WHAT YOU SHOULD DO: All of the data is to be set down again without alteration.

EXTRACTED MATERIAL:
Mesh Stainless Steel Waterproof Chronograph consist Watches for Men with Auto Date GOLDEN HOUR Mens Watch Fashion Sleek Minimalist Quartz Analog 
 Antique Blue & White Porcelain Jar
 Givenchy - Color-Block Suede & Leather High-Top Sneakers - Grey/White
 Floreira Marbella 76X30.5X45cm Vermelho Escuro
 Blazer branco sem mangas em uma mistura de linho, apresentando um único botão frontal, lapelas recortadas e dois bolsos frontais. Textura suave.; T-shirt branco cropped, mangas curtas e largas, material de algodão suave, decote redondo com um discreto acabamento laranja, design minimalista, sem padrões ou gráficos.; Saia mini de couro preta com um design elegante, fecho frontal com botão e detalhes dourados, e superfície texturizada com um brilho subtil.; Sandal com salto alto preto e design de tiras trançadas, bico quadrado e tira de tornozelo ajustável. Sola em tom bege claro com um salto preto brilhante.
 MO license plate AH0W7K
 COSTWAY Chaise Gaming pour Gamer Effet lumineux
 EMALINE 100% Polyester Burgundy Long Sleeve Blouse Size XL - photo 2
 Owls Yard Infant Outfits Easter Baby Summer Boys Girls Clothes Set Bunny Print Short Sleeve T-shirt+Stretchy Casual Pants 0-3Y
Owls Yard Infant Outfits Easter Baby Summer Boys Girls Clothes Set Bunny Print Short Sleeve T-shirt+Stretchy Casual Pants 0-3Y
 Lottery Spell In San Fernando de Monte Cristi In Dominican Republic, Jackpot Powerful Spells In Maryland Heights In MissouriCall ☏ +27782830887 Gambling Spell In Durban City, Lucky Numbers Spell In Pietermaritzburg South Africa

THE COMPLETED TASK:
Mesh Stainless Steel Waterproof Chronograph consist Watches for Men with Auto Date GOLDEN HOUR Mens Watch Fashion Sleek Minimalist Quartz Analog 
 Antique Blue & White Porcelain Jar
 Givenchy - Color-Block Suede & Leather High-Top Sneakers - Grey/White
 Floreira Marbella 76X30.5X45cm Vermelho Escuro
 Blazer branco sem mangas em uma mistura de linho, apresentando um único botão frontal, lapelas recortadas e dois bolsos frontais. Textura suave.; T-shirt branco cropped, mangas curtas e largas, material de algodão suave, decote redondo com um discreto acabamento laranja, design minimalista, sem padrões ou gráficos.; Saia mini de couro preta com um design elegante, fecho frontal com botão e detalhes dourados, e superfície texturizada com um brilho subtil.; Sandal com salto alto preto e design de tiras trançadas, bico quadrado e tira de tornozelo ajustável. Sola em tom bege claro com um salto preto brilhante.
 MO license plate AH0W7K
 COSTWAY Chaise Gaming pour Gamer Effet lumineux
 EMALINE 100% Polyester Burgundy Long Sleeve Blouse Size XL - photo 2
 Owls Yard Infant Outfits Easter Baby Summer Boys Girls Clothes Set Bunny Print Short Sleeve T-shirt+Stretchy Casual Pants 0-3Y
Owls Yard Infant Outfits Easter Baby Summer Boys Girls Clothes Set Bunny Print Short Sleeve T-shirt+Stretchy Casual Pants 0-3Y
 Lottery Spell In San Fernando de Monte Cristi In Dominican Republic, Jackpot Powerful Spells In Maryland Heights In MissouriCall ☏ +27782830887 Gambling Spell In Durban City, Lucky Numbers Spell In Pietermaritzburg South Africa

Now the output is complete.